ALN promotes and supports any initiative of the African countries aiming to end the suffering and losses of innocent human lives caused by the endless violation of human rights throughout the African Continent.
ALN supports the on-going investigations of cases of violation of human rights and launches an appeal to the AU competent bodies to use the appropriate continental and international institutions to fight against impunity in cases where individuals stand accused of genocide, crimes against humanity and human rights violations.
For the sake of human dignity and integrity ALN invites its partners not to spare efforts to invest in human rights education in Africa.
ALN is firmly convinced that teaching human rights will prevent the politicization of the civil service, one of the major source of divisions, conflicts and inequalities in Africa, as well as will enable a more strong commitment of all actors for peace, stability and human rights.
50 Years of African Independence
The entire world celebrates this year of 2010 the 50th anniversary of the “Year of Africa”.
As matter of facts, excluding Liberia and Ethiopia which were never colonies, all other African countries reached their independence in the aftermath of the World War II.
During the 50s, Africa welcomed the independence of several countries, namely Libya (26.7.1951), Tunisia (1.1.1956), Sudan (1.1.1956), Morocco (7.4.1956) in North Africa, followed by Ghana on the 6 March 1957, the first country in Sub-Saharan Africa to become independent and the Republic of Guinea on 2 October 1958.
In 1960, a new chapter has been inaugurated in the history of decolonization of Africa with the proclamation of independence of 17 African countries, covering the nations listed below: Cameron (1.1.1960), Senegal (4.4.1960), Togo (7.4.1960), Mali (20.6.1960), Madagascar (26.6.1960), DR Congo (30.6.1960), Somalia (26.6.1960/1.7.1960), Benin (1.8.1960), Niger (3.8.1960), Burkina Faso (5.8.1960), Cote d’Ivoire (7.8.1960), Chad (11.8.1960), Central African Republic (13.8.1960), Congo (15.8.1960), Gabon (17.8.1960), Nigeria (1.10.1960) and Mauritania (28.11.1960).
This was a special achievement for the African people, and successful political negotiation or armed conflict, ensured that the will of the people was fulfilled, and the countries concerned became free and self-ruled. This initiative was made possible by the signing of the Atlantic Charter by the US President Roosevelt and the UK Prime Minister Churchill in 1941, which layed the framework for the constitution of the United Nations.
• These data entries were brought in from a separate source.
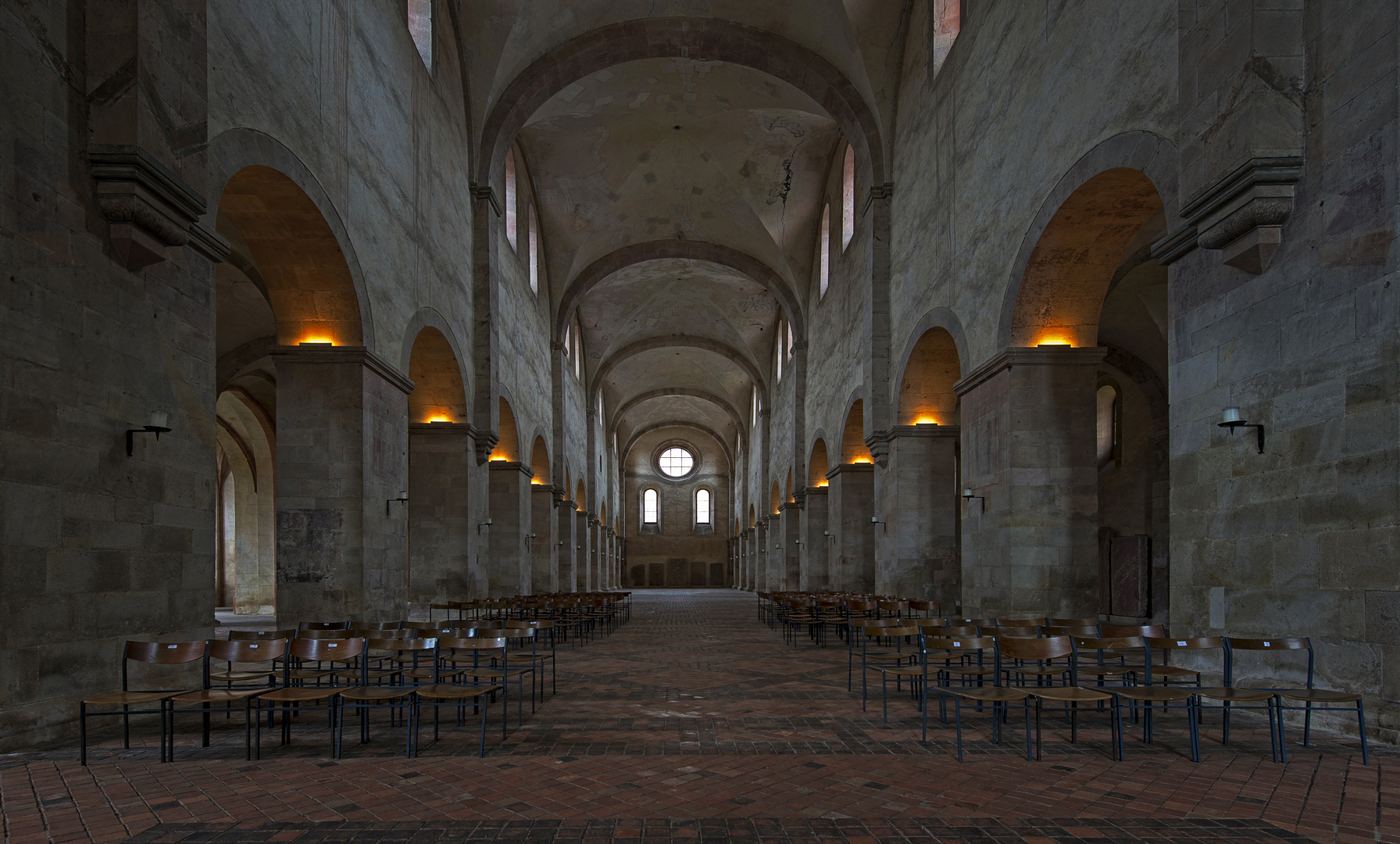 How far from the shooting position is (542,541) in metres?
25.8

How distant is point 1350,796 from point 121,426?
26.5 ft

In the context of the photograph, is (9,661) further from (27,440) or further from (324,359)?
(324,359)

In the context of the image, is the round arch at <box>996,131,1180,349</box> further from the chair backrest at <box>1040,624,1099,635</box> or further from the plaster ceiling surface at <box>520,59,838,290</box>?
the plaster ceiling surface at <box>520,59,838,290</box>

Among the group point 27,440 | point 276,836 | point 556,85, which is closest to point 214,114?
point 27,440

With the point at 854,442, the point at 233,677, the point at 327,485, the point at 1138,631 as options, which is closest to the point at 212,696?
the point at 233,677

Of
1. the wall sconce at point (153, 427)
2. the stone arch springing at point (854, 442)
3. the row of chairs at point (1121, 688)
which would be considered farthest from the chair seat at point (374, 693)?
the stone arch springing at point (854, 442)

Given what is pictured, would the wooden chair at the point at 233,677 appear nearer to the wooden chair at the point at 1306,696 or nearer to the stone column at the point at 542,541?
the wooden chair at the point at 1306,696

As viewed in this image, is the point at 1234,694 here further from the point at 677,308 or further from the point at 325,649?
the point at 677,308

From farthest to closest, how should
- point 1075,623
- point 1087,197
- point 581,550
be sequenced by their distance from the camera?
point 581,550
point 1087,197
point 1075,623

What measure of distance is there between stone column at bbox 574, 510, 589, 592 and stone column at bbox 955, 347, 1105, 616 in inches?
911

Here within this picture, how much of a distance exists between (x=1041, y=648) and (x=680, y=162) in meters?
20.6

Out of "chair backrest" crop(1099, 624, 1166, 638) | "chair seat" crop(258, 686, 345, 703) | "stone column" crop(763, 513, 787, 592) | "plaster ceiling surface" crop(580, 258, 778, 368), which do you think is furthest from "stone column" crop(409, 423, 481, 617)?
"stone column" crop(763, 513, 787, 592)

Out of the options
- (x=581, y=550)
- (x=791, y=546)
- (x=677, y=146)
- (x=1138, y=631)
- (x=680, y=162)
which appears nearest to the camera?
(x=1138, y=631)

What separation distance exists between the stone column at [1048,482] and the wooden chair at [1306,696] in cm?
471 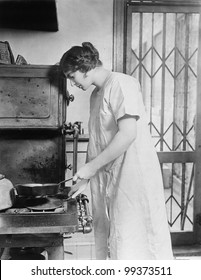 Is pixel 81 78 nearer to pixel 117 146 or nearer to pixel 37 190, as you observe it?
pixel 117 146

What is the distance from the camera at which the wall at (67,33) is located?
A: 2.74 metres

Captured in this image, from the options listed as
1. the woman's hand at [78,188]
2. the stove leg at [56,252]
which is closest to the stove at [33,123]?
the woman's hand at [78,188]

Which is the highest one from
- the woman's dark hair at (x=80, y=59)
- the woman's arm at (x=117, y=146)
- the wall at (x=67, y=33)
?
the wall at (x=67, y=33)

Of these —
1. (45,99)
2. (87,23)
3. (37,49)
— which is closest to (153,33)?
(87,23)

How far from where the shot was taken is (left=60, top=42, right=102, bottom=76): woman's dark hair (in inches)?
71.5

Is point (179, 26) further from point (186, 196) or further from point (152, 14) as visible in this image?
point (186, 196)

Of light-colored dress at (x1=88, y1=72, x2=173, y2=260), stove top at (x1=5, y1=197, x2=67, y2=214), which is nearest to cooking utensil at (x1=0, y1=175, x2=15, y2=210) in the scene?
stove top at (x1=5, y1=197, x2=67, y2=214)

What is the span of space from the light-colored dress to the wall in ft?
3.10

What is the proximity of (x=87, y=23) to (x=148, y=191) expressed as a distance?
140 cm

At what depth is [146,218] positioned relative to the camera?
1.91m

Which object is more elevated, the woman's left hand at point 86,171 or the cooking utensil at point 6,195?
the woman's left hand at point 86,171

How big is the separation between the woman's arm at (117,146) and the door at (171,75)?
1.16 meters

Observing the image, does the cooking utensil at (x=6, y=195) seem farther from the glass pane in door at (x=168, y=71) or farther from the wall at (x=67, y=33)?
the glass pane in door at (x=168, y=71)

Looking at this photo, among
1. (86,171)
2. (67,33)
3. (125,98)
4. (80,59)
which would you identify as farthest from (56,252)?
(67,33) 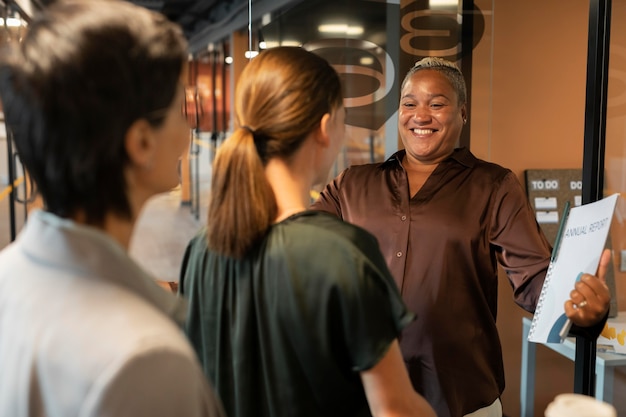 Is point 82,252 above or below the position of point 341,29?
below

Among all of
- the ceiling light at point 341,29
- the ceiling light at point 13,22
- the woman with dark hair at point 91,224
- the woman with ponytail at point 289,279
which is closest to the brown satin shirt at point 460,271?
the woman with ponytail at point 289,279

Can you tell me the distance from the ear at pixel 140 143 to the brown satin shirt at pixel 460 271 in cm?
116

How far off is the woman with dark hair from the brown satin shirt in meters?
1.11

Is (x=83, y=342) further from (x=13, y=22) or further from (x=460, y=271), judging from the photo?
(x=13, y=22)

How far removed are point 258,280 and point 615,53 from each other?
1.58m

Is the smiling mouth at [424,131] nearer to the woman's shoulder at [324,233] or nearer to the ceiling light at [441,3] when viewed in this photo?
the woman's shoulder at [324,233]

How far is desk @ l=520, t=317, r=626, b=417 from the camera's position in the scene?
231cm

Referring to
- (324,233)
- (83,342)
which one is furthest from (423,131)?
(83,342)

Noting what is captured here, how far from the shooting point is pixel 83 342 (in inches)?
21.0

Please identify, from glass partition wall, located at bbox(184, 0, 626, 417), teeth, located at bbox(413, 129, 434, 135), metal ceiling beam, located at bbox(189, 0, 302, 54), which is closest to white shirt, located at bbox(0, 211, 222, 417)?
teeth, located at bbox(413, 129, 434, 135)

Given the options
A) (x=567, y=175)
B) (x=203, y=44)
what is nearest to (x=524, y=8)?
(x=567, y=175)

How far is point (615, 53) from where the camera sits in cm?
197

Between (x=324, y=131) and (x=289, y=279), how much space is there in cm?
28

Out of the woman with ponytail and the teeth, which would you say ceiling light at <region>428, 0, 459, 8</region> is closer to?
the teeth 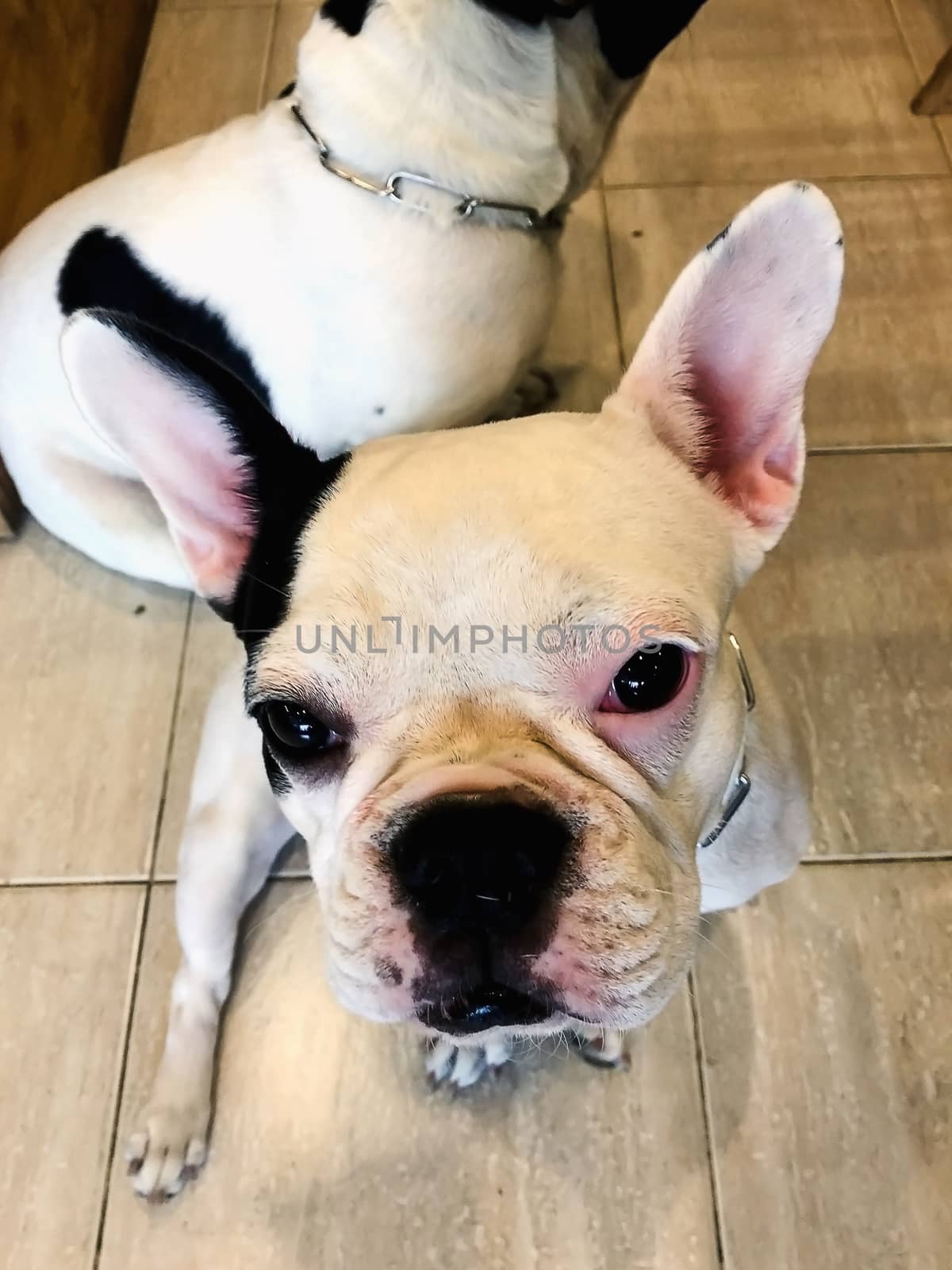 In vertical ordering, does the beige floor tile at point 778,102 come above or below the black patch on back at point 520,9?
below

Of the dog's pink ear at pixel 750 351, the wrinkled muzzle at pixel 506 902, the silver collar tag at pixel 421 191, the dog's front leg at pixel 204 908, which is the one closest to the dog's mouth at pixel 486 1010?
the wrinkled muzzle at pixel 506 902

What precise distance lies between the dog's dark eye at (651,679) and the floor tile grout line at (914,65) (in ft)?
8.16

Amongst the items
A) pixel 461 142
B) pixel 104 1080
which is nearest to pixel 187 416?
pixel 461 142

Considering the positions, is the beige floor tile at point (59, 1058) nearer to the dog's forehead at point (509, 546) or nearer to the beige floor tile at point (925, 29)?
the dog's forehead at point (509, 546)

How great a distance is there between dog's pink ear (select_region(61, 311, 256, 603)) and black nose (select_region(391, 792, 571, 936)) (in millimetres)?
540

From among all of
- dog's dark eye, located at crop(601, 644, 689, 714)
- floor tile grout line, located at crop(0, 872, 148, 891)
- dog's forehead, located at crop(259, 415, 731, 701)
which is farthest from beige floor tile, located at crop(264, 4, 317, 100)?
dog's dark eye, located at crop(601, 644, 689, 714)

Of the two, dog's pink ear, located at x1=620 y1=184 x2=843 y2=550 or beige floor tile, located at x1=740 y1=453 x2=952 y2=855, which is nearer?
dog's pink ear, located at x1=620 y1=184 x2=843 y2=550

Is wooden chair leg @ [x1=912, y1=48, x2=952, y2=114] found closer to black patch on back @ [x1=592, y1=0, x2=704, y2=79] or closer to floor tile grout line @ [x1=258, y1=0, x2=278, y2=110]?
black patch on back @ [x1=592, y1=0, x2=704, y2=79]

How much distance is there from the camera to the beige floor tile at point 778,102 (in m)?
2.94

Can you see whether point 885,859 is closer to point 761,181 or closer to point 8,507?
point 761,181

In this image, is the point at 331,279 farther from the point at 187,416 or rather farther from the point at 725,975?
the point at 725,975

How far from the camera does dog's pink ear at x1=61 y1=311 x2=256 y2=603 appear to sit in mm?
1185

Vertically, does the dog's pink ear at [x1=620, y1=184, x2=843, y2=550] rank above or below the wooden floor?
above

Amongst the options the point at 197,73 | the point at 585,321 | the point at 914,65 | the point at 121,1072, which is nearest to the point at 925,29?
the point at 914,65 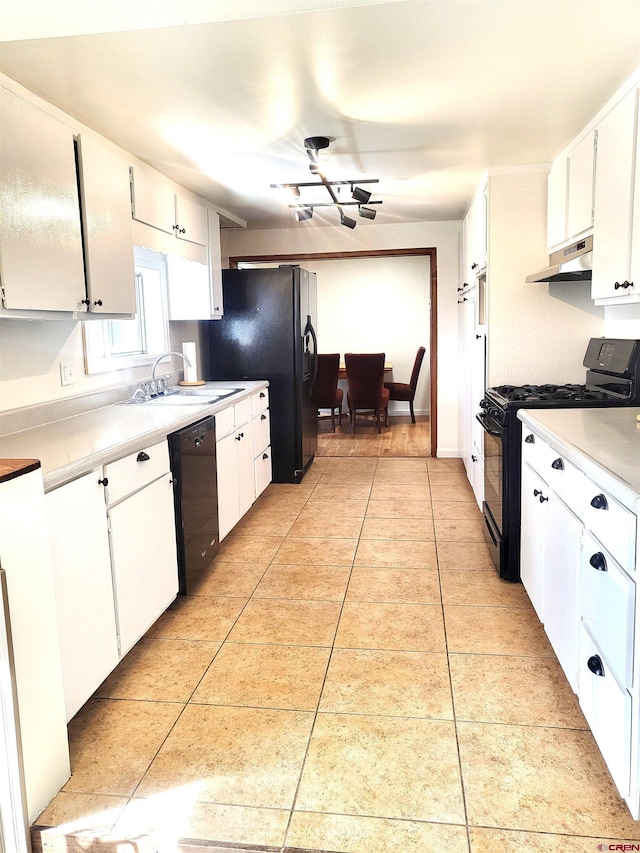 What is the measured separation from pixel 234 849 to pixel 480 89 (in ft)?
8.71

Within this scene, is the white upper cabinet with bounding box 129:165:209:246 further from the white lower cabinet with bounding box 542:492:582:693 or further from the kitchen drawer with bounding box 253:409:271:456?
the white lower cabinet with bounding box 542:492:582:693

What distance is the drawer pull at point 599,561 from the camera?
1.63 m

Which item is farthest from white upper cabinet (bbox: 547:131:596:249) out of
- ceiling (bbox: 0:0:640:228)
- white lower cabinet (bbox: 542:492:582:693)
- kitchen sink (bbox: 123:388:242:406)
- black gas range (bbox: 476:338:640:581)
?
kitchen sink (bbox: 123:388:242:406)

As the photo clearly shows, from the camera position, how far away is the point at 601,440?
6.70 ft

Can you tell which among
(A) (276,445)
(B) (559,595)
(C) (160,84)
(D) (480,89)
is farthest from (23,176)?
(A) (276,445)

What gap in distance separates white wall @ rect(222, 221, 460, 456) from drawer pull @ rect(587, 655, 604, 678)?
4146 mm

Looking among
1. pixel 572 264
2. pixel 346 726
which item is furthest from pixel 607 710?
pixel 572 264

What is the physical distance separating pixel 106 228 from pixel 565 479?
2109 mm

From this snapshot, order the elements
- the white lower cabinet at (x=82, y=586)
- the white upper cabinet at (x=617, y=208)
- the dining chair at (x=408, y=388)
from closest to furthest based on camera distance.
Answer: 1. the white lower cabinet at (x=82, y=586)
2. the white upper cabinet at (x=617, y=208)
3. the dining chair at (x=408, y=388)

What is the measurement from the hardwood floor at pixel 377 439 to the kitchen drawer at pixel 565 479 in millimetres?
3771

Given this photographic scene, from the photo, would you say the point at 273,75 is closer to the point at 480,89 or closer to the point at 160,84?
the point at 160,84

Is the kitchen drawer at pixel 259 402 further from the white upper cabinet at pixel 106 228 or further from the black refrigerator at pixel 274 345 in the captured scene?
the white upper cabinet at pixel 106 228

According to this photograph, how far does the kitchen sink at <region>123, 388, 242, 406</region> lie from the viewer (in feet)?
11.5

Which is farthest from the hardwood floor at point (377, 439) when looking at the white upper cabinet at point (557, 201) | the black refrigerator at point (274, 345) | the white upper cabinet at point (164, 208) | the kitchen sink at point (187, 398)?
the white upper cabinet at point (557, 201) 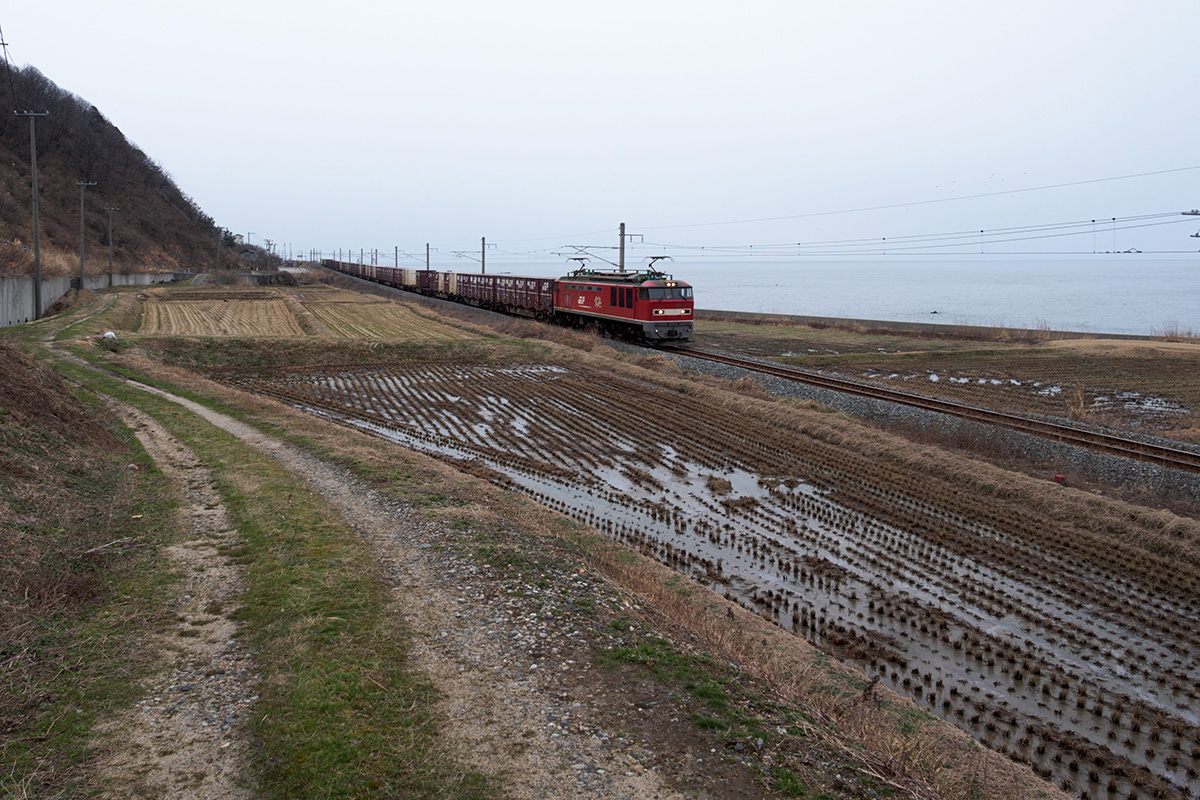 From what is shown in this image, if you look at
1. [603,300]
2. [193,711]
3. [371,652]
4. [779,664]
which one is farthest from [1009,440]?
[603,300]

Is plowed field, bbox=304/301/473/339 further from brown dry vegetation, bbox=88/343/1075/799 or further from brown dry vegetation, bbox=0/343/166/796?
brown dry vegetation, bbox=88/343/1075/799

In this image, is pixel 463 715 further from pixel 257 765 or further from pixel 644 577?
pixel 644 577

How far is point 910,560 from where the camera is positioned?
1155 cm

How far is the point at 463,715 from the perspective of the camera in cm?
593

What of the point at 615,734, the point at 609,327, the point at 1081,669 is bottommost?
the point at 1081,669

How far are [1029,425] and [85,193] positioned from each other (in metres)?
99.2

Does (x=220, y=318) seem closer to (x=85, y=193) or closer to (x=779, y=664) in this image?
(x=779, y=664)

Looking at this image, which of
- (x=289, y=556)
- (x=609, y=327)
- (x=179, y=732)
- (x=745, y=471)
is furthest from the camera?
(x=609, y=327)

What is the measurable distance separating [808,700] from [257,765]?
4709mm

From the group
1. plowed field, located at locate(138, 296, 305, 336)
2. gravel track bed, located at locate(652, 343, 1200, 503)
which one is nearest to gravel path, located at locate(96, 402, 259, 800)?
gravel track bed, located at locate(652, 343, 1200, 503)

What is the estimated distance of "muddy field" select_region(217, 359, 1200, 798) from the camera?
7641 millimetres

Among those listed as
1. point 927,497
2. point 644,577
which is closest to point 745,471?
point 927,497

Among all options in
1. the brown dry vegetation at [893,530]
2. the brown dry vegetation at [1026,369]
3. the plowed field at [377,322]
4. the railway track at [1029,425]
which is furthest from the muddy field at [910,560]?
the plowed field at [377,322]

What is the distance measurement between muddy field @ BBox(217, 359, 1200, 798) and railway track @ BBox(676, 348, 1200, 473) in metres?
3.53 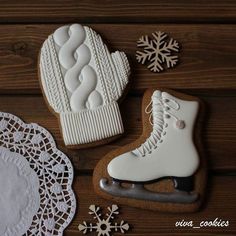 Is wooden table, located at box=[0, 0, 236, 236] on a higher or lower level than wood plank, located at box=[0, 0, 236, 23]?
lower

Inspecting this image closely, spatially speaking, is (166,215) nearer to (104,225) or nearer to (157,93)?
(104,225)

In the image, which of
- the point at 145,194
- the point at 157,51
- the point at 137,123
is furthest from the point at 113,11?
the point at 145,194

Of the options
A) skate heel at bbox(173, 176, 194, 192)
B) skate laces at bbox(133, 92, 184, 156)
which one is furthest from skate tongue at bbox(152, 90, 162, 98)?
skate heel at bbox(173, 176, 194, 192)

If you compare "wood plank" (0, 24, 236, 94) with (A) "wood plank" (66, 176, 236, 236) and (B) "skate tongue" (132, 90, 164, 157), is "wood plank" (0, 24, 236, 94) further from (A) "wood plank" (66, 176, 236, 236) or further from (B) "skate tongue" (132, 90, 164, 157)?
(A) "wood plank" (66, 176, 236, 236)

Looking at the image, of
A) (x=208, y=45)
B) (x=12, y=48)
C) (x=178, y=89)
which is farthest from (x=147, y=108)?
(x=12, y=48)

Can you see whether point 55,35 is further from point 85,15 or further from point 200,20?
point 200,20

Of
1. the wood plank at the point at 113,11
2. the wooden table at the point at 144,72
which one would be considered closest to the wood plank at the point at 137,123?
the wooden table at the point at 144,72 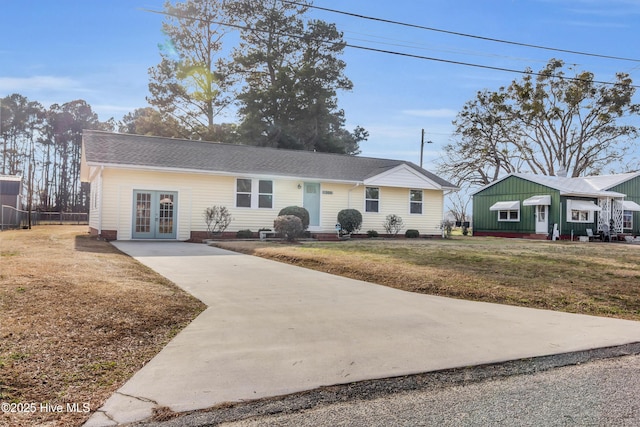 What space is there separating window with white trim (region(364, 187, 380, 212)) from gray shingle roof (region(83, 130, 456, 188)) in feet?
2.51

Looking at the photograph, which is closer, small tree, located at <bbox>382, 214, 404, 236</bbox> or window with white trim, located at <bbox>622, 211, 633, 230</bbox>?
small tree, located at <bbox>382, 214, 404, 236</bbox>

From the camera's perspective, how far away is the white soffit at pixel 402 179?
783 inches

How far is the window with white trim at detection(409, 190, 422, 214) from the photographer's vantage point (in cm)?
2120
As a result of the large number of new independent states which emerged in the year 1960, this has been since then coined as the “Year of Africa”.
The Africa Liberal Network (ALN), an association of political parties guided by liberal principles and ideals, such as freedom of: religion, press, opinion, choice, association, movement; rule of law, respect of human rights, free market economy, free trade, and private property, warmly congratulates all African countries that have celebrated or are still to celebrate their 50 years of independence.
It is a sincere desire of ALN that despite the challenges that those African countries have faced in the past, the next 50 years to come, should be fully dedicated to prosperity and wealth of each of the countries concerned, including the fight against hunger, disease, illiteracy, corruption and injustice.
Taking into account the advantages provided by initiatives related to the Millennium Development Goals, NEPAD, Poverty Reduction Strategic Papers and other national or regional agendas for development, Africa must stand, grow and compete in the community of the Nations.
To ensure the transformation of the available natural renewable and non-renewable resources into capital that can fund infrastructure and job creation strategies, continental or regional agreements must be promoted, to build coordination development communities and negotiate appropriate trade arrangements.
ALN calls upon the AU to assure support to the member countries, aiming to transform Africa into a strong and prosperous continent.
The African Union should celebrate the 50th anniversary of independence of numerous African countries, recalling the year 1960 as the “Year of Africa”.